Il nous faudrait donc réfléchir sur des mécanismes qui consisteraient à nous approprier notre destin économique en termes de compétitivité de façon à ce qu’on puisse définir notre politique monétaire, notre politique de change suivant des tendances qui nous sont propres et non pas suivant des contraintes qui nous viennent de l’extérieur et sur lesquelles en définitive on ne pourrait pas grand-chose.
L’idée de création de cette monnaie unique a été agitée en 2000 pour une réalisation en 2002. Aujourd’hui on est en 2014 et presque rien n’est encore fait. Êtes-vous optimiste quant à sa faisabilité ?
Oui, je crois que l’optimisme est là. Généralement, quand vous regardez le processus qui nous mène vers ces accords ou vers la mise en œuvre de ces accords d’envergure, ça prend du temps parce que dans ce processus de négociations, les pays ont des intérêts qui, à un moment donné, peuvent être égoïstes.

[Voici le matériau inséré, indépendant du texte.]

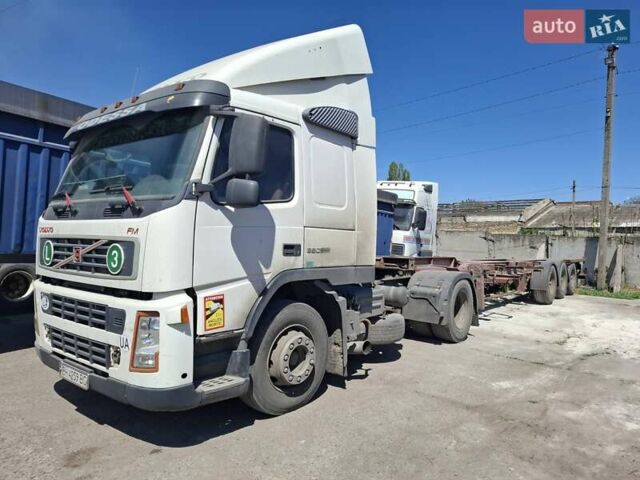 Вольво FM 9, объемом двигателя 0 л и пробегом 1 тыс. км за 8000 $, фото 2 на Automoto.ua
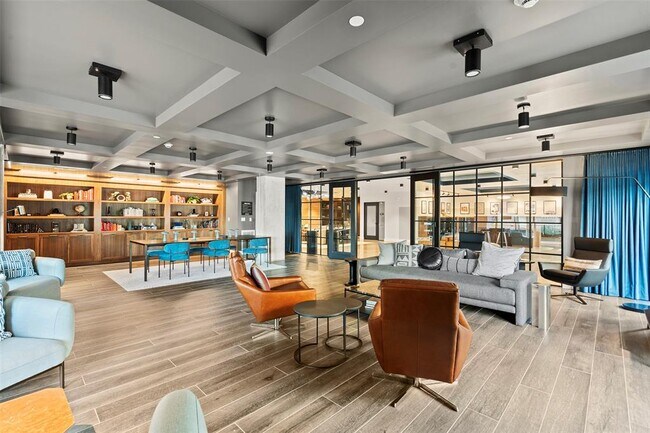 Building Photo - 4315 S Congress Ave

Donc vous avez des intérêts généraux mais vous avez aussi des intérêts où chacun se dit qu’il nous faut la monnaie unique parce que ça nous favoriserait dans le cadre d’un commerce intra-régional en termes de dynamique économique interne mais également de dynamique communautaire. Les avantages sont donc là.
Maintenant la mise en œuvre de ces accords, la matérialisation de ces intentions n’est pas aussi facile que ça, parce que ce sont des négociations qui doivent prendre en compte la spécificité de chaque pays, les orientations en matière de développement de chaque pays. Vraiment les questions ne manquent pas.
L’une des questions est de savoir, une fois que la monnaie unique arrive, si on doit avoir une parité fixe par rapport à l’Euro. Et si la parité est fixe, quel est le type d’arrangement monétaire qu’on va avoir. Est-ce que la monnaie sera directement liée avec le trésor français tel que nous l’avons avec le Franc Cfa ? Est-ce qu’on doit avoir une autonomie de la politique monétaire ?, etc.
Il y a donc tout un ensemble de questions que les gens agitent. Et chacun va apporter sa propre réponse. Or, tant que nous n’avons pas de réponses satisfaisantes et une cohésion d’ensemble, on n’aura pas cette monnaie unique. La dynamique est là. Le processus peut être inefficace à un moment donné, mais la dynamique est lancée et à terme, je crois qu’on pourra y arriver.